Listed records Block Start

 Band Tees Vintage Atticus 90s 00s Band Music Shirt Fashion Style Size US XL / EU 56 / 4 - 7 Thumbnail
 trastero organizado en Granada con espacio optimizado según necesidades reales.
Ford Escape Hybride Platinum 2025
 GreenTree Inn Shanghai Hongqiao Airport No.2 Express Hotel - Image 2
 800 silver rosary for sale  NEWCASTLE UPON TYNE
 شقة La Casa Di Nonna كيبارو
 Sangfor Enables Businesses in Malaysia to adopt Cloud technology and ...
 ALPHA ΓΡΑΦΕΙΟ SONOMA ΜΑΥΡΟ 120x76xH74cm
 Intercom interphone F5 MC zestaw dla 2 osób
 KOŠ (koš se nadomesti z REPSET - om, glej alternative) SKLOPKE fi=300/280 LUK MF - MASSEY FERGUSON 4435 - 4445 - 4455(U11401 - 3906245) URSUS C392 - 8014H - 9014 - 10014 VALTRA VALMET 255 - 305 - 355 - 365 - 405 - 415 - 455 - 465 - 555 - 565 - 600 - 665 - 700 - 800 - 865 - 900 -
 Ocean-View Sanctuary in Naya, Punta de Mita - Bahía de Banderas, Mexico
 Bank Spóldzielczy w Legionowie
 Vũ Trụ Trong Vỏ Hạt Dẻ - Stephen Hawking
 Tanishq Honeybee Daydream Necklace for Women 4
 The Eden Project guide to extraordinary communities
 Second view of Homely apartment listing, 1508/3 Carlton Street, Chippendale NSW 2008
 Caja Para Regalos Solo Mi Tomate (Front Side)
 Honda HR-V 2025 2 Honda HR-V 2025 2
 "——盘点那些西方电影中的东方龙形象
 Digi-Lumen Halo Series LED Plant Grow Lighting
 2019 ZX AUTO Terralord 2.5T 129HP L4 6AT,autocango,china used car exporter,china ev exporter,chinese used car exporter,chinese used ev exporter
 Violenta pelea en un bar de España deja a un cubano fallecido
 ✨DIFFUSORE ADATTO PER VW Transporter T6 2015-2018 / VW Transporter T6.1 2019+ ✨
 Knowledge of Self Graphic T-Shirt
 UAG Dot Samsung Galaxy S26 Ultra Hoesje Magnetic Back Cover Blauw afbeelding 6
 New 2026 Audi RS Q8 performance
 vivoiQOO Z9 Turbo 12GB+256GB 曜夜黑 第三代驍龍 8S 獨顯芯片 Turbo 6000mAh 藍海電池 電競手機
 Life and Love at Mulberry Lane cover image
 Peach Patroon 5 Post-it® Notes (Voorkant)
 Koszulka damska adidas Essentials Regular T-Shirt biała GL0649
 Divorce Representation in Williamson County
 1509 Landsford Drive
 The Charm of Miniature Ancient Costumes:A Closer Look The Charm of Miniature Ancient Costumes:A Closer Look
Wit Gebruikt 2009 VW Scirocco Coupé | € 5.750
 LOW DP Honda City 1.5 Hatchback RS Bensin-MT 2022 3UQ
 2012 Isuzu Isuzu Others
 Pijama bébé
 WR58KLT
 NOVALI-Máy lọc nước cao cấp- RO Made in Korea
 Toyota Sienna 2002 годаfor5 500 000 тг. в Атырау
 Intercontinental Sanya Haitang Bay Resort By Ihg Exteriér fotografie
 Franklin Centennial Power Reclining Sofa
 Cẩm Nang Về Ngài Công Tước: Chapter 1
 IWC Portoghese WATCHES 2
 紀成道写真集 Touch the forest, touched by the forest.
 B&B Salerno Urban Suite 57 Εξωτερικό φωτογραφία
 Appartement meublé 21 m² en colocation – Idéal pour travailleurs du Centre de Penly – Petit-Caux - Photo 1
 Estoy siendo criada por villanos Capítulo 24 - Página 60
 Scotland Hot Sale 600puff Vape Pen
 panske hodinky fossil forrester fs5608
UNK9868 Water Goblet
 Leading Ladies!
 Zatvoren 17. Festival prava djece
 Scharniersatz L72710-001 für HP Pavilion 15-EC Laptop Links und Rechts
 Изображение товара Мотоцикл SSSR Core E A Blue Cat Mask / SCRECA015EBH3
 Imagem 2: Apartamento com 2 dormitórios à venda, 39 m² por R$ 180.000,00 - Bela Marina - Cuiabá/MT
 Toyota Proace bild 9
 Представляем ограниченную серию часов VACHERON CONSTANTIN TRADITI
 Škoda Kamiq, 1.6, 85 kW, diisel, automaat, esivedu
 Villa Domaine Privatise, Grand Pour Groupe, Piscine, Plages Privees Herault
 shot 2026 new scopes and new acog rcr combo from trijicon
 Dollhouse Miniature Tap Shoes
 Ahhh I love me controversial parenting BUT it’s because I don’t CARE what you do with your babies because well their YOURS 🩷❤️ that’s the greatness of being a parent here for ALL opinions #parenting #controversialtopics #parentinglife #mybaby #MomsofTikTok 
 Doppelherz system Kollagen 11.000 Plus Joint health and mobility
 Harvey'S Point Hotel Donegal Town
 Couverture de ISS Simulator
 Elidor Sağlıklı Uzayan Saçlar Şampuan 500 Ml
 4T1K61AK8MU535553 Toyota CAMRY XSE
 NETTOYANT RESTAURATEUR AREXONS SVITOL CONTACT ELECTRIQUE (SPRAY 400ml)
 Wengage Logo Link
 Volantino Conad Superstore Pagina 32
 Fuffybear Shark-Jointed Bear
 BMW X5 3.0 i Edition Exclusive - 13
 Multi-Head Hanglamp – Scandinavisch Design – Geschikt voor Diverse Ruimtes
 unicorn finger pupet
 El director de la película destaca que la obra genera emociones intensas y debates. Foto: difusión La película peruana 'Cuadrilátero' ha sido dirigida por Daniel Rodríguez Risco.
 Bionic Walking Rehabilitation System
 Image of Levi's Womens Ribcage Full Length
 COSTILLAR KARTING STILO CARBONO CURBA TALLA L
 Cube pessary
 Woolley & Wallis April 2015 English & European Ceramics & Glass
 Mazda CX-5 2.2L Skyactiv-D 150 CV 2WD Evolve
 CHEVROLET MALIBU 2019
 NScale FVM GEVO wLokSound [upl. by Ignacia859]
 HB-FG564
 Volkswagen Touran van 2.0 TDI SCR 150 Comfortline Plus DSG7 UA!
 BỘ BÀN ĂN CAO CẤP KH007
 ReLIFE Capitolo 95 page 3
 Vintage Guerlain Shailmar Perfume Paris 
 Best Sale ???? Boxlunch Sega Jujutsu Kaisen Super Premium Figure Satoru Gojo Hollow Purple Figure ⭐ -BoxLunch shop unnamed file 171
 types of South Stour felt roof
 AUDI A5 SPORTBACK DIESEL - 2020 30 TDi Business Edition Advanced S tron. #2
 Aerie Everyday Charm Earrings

Listed records Block End

An exact copy of every record is what the answer must contain.

**Solution for this problem**
 Band Tees Vintage Atticus 90s 00s Band Music Shirt Fashion Style Size US XL / EU 56 / 4 - 7 Thumbnail
 trastero organizado en Granada con espacio optimizado según necesidades reales.
Ford Escape Hybride Platinum 2025
 GreenTree Inn Shanghai Hongqiao Airport No.2 Express Hotel - Image 2
 800 silver rosary for sale  NEWCASTLE UPON TYNE
 شقة La Casa Di Nonna كيبارو
 Sangfor Enables Businesses in Malaysia to adopt Cloud technology and ...
 ALPHA ΓΡΑΦΕΙΟ SONOMA ΜΑΥΡΟ 120x76xH74cm
 Intercom interphone F5 MC zestaw dla 2 osób
 KOŠ (koš se nadomesti z REPSET - om, glej alternative) SKLOPKE fi=300/280 LUK MF - MASSEY FERGUSON 4435 - 4445 - 4455(U11401 - 3906245) URSUS C392 - 8014H - 9014 - 10014 VALTRA VALMET 255 - 305 - 355 - 365 - 405 - 415 - 455 - 465 - 555 - 565 - 600 - 665 - 700 - 800 - 865 - 900 -
 Ocean-View Sanctuary in Naya, Punta de Mita - Bahía de Banderas, Mexico
 Bank Spóldzielczy w Legionowie
 Vũ Trụ Trong Vỏ Hạt Dẻ - Stephen Hawking
 Tanishq Honeybee Daydream Necklace for Women 4
 The Eden Project guide to extraordinary communities
 Second view of Homely apartment listing, 1508/3 Carlton Street, Chippendale NSW 2008
 Caja Para Regalos Solo Mi Tomate (Front Side)
 Honda HR-V 2025 2 Honda HR-V 2025 2
 "——盘点那些西方电影中的东方龙形象
 Digi-Lumen Halo Series LED Plant Grow Lighting
 2019 ZX AUTO Terralord 2.5T 129HP L4 6AT,autocango,china used car exporter,china ev exporter,chinese used car exporter,chinese used ev exporter
 Violenta pelea en un bar de España deja a un cubano fallecido
 ✨DIFFUSORE ADATTO PER VW Transporter T6 2015-2018 / VW Transporter T6.1 2019+ ✨
 Knowledge of Self Graphic T-Shirt
 UAG Dot Samsung Galaxy S26 Ultra Hoesje Magnetic Back Cover Blauw afbeelding 6
 New 2026 Audi RS Q8 performance
 vivoiQOO Z9 Turbo 12GB+256GB 曜夜黑 第三代驍龍 8S 獨顯芯片 Turbo 6000mAh 藍海電池 電競手機
 Life and Love at Mulberry Lane cover image
 Peach Patroon 5 Post-it® Notes (Voorkant)
 Koszulka damska adidas Essentials Regular T-Shirt biała GL0649
 Divorce Representation in Williamson County
 1509 Landsford Drive
 The Charm of Miniature Ancient Costumes:A Closer Look The Charm of Miniature Ancient Costumes:A Closer Look
Wit Gebruikt 2009 VW Scirocco Coupé | € 5.750
 LOW DP Honda City 1.5 Hatchback RS Bensin-MT 2022 3UQ
 2012 Isuzu Isuzu Others
 Pijama bébé
 WR58KLT
 NOVALI-Máy lọc nước cao cấp- RO Made in Korea
 Toyota Sienna 2002 годаfor5 500 000 тг. в Атырау
 Intercontinental Sanya Haitang Bay Resort By Ihg Exteriér fotografie
 Franklin Centennial Power Reclining Sofa
 Cẩm Nang Về Ngài Công Tước: Chapter 1
 IWC Portoghese WATCHES 2
 紀成道写真集 Touch the forest, touched by the forest.
 B&B Salerno Urban Suite 57 Εξωτερικό φωτογραφία
 Appartement meublé 21 m² en colocation – Idéal pour travailleurs du Centre de Penly – Petit-Caux - Photo 1
 Estoy siendo criada por villanos Capítulo 24 - Página 60
 Scotland Hot Sale 600puff Vape Pen
 panske hodinky fossil forrester fs5608
UNK9868 Water Goblet
 Leading Ladies!
 Zatvoren 17. Festival prava djece
 Scharniersatz L72710-001 für HP Pavilion 15-EC Laptop Links und Rechts
 Изображение товара Мотоцикл SSSR Core E A Blue Cat Mask / SCRECA015EBH3
 Imagem 2: Apartamento com 2 dormitórios à venda, 39 m² por R$ 180.000,00 - Bela Marina - Cuiabá/MT
 Toyota Proace bild 9
 Представляем ограниченную серию часов VACHERON CONSTANTIN TRADITI
 Škoda Kamiq, 1.6, 85 kW, diisel, automaat, esivedu
 Villa Domaine Privatise, Grand Pour Groupe, Piscine, Plages Privees Herault
 shot 2026 new scopes and new acog rcr combo from trijicon
 Dollhouse Miniature Tap Shoes
 Ahhh I love me controversial parenting BUT it’s because I don’t CARE what you do with your babies because well their YOURS 🩷❤️ that’s the greatness of being a parent here for ALL opinions #parenting #controversialtopics #parentinglife #mybaby #MomsofTikTok 
 Doppelherz system Kollagen 11.000 Plus Joint health and mobility
 Harvey'S Point Hotel Donegal Town
 Couverture de ISS Simulator
 Elidor Sağlıklı Uzayan Saçlar Şampuan 500 Ml
 4T1K61AK8MU535553 Toyota CAMRY XSE
 NETTOYANT RESTAURATEUR AREXONS SVITOL CONTACT ELECTRIQUE (SPRAY 400ml)
 Wengage Logo Link
 Volantino Conad Superstore Pagina 32
 Fuffybear Shark-Jointed Bear
 BMW X5 3.0 i Edition Exclusive - 13
 Multi-Head Hanglamp – Scandinavisch Design – Geschikt voor Diverse Ruimtes
 unicorn finger pupet
 El director de la película destaca que la obra genera emociones intensas y debates. Foto: difusión La película peruana 'Cuadrilátero' ha sido dirigida por Daniel Rodríguez Risco.
 Bionic Walking Rehabilitation System
 Image of Levi's Womens Ribcage Full Length
 COSTILLAR KARTING STILO CARBONO CURBA TALLA L
 Cube pessary
 Woolley & Wallis April 2015 English & European Ceramics & Glass
 Mazda CX-5 2.2L Skyactiv-D 150 CV 2WD Evolve
 CHEVROLET MALIBU 2019
 NScale FVM GEVO wLokSound [upl. by Ignacia859]
 HB-FG564
 Volkswagen Touran van 2.0 TDI SCR 150 Comfortline Plus DSG7 UA!
 BỘ BÀN ĂN CAO CẤP KH007
 ReLIFE Capitolo 95 page 3
 Vintage Guerlain Shailmar Perfume Paris 
 Best Sale ???? Boxlunch Sega Jujutsu Kaisen Super Premium Figure Satoru Gojo Hollow Purple Figure ⭐ -BoxLunch shop unnamed file 171
 types of South Stour felt roof
 AUDI A5 SPORTBACK DIESEL - 2020 30 TDi Business Edition Advanced S tron. #2
 Aerie Everyday Charm Earrings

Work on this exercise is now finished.